The Rapid Refresh (RAP) and High-Resolution Rapid Refresh (HRRR) are real-time operational hourly updating forecast systems, run at 13- and 3-km grid spacing, respectively. Both systems use the Advanced Research version of the Weather Research and Forecasting (WRF-ARW) model, which allows WRF-community users to utilize any model components improved for forecasting in regions of complex terrain. During the second installment of the Wind Forecast Improvement Project (WFIP 2), the HRRR has been targeted for the improvement of low-level wind forecasts in the Columbia River Basin (CRB), which requires much finer grid spacing to resolve important terrain features in the Cascade Mountains and the CRB. This project provides an opportunity to set up and test a high-resolution nest (dx = 750 m) within the HRRR over the northwestern U.S.  Special effort is made to incorporate scale-aware aspects into the RAP/HRRR physics to improve wind forecasts not only for operational-scales, but also for this higher resolution application.
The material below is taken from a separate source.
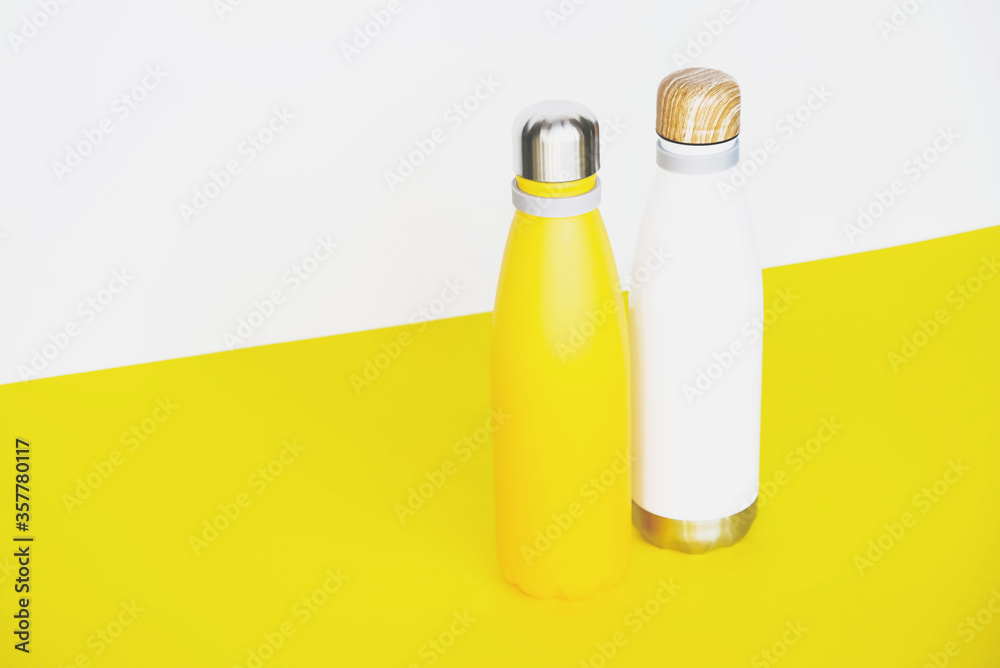 Stylish reusable eco-friendly stainless steel thermo bottles on yellow background. Stylish reusable eco-friendly stainless steel thermo bottles on yellow background.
Many wind profiling and scanning instruments were deployed in the CRB in support the WFIP 2 field project, which began on 01 October 2015 and ended 31 March 2017. During the project, several forecast error modes have been identified; the most systematic are the low-bias in the depth of cold pools during the winter and the low wind speed bias in thermal trough-induced gap flows during the summer. Most effort has been focused on developing the Mellor-Yamada-Nakanishi-Niino (MYNN) turbulent mixing scheme to improve upon these biases, but investigating the effects of horizontal mixing has also helped improve some of the common model biases. This presentation will highlight the testing and development of these model components, showing the improvements over original versions for temperature and wind profiles. Examples of case studies and retrospective periods will be presented to illustrate the improvements. Ongoing and future RAP/HRRR physics development will be noted.